# When do you slip inside the trigger guard?



## Wyatt (Jan 29, 2008)

In a real defensive situation, at what point do you place your finger inside the guard? Every week I see Lt. Horatio Caine with gun in both hands, fully trained on the perp standing over his victim, screaming "Police, put the gun down!", and he's still got his finger outside the guard, along the slide. I know it's just TV but I'm sure they have LE consultants on the show.

I'm curious about what is LE protocol, but more importantly I'd really like to know what would you guys do, and therefore what should I do?

Say it's the middle of the night and you hear an intruder. Assuming I know the whereabouts of my entire family (i.e. behind me) and I choose to make my way from my bedroom towards the threat. It seems to me if I'm holding the gun w/ both hands, in a ready position angled down as I make my way through doors etc. I might already be on the trigger, but I don't know if this correct. Would your finger be on the trigger at this point in the situation? If not, say you see someone in the living room, back to you, picking up your TV. Your raise and train your weapon - now do you cover the trigger? What about the point at which you positively ID the guy as an intruder and are trained on him. Are you now inside the guard? Or do you still have the patience to wait and see what he is going to do?

To change the situation slightly, I gather the entire family in the master bedroom (again behind me) and decide to wait there with my firearm trained on the doorway or top of the stairs etc. I imagine I would be on the trigger at this point, but this may be very wrong since I haven't made a positve ID at this point.

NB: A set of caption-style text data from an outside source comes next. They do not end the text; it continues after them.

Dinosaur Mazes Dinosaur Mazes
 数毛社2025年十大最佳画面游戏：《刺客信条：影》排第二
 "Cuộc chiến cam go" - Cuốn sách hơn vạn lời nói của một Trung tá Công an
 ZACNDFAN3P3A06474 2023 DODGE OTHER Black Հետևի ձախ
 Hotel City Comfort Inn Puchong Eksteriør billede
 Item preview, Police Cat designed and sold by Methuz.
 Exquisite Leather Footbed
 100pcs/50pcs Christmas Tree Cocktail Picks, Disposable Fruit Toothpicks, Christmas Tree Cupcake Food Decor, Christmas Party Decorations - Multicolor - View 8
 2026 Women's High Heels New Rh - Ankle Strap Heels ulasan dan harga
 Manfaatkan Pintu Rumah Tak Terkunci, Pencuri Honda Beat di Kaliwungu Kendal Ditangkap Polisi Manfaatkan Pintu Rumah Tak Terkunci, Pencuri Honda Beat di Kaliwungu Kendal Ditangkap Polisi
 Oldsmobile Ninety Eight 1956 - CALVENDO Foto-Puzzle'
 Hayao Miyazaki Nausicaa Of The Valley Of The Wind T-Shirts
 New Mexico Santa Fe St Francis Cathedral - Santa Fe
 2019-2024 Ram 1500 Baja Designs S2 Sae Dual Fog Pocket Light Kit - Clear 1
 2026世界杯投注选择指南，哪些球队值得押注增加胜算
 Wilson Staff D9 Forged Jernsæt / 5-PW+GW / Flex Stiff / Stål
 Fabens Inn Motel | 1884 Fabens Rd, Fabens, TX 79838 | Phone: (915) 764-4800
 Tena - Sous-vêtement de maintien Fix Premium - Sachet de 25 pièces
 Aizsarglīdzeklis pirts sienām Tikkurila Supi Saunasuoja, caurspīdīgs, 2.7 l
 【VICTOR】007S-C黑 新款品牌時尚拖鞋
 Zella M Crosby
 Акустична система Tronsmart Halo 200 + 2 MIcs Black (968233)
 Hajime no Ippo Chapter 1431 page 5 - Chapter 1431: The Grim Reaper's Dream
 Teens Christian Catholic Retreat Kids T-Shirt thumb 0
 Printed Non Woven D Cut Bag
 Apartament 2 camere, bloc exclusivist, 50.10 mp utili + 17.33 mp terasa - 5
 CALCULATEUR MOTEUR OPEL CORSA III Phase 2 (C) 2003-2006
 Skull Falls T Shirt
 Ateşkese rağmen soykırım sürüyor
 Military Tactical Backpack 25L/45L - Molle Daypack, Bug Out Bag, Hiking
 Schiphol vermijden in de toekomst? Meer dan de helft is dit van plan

Where would you guys be with this type of scenario? At what point do you cover the "go" button? When you want to be completely ready to shoot; when you have made the decision you are willing to shoot; or only when you are actually going to shoot? While this last one sounds like the correct textbook answer, in a life threatening situation aren't you at some point correct to become more concerned with having the quickest possible reaction time and being first to get off?

Assuming the answer is to stay off the trigger until you have made a 100% commitment to actually fire, any tips in how to train for this at the range? Any drills etc?

I'm new here but already value the input and advice you guys provide.

Thanks!


----------



## tony pasley (May 6, 2006)

I never put my finger inside the guard until I am ready to squeeze.


----------



## gmaske (Jan 7, 2008)

In an intruder situation it is just me, the wife, and the dog. The dog is now deaf poor guy. We all sleep in the same room so I'd be in the hole with the finger resting on go pointed at the entry point. My pistol is DA first shot with a long pull. I'd wait and not hunt so no worries about tripping. We have two entrances to the bedroom but one is blocked so they would have to come through the bathroom which has a night light. I'd know who it wasn't before I pulled the trigger. If you need a gun and the situation is urgent I'd be in the hole as soon as the gun were in front of me and coming up on the target. If it were a situation were I was alarmed but had no threat in front of me it would be along side at the ready. To me these are correct choices depending on the threat level. Any type of recreational shooting no fingering the trigger or inside the gard till you are facing your target and are ready to shoot. Pistol is always pointed in safe or intended direction.


----------



## SemoShooter (Jul 5, 2007)

My vote is never to have you finger on the trigger until you are going to shoot. The training that I have taken from experts supports this. In a high stress situation with your finger on the trigger if you just get startled you quite likely will flinch and pull the trigger.


----------



## Mike Barham (Mar 30, 2006)

As with so many things, "it depends."

During a draw-and-fire stroke, as when there is no question that you're going to shoot the guy as soon as you clear leather and get a "flash sight picture" or other index, we are normally taught that the finger enters the trigger guard after the hands come together. This would be at Count 4 in a 5-Count draw, or at Count 3 in a 4-Count draw. In this scenario, the safety (if any) should be off and the finger on the trigger by the time the gun reaches eye level.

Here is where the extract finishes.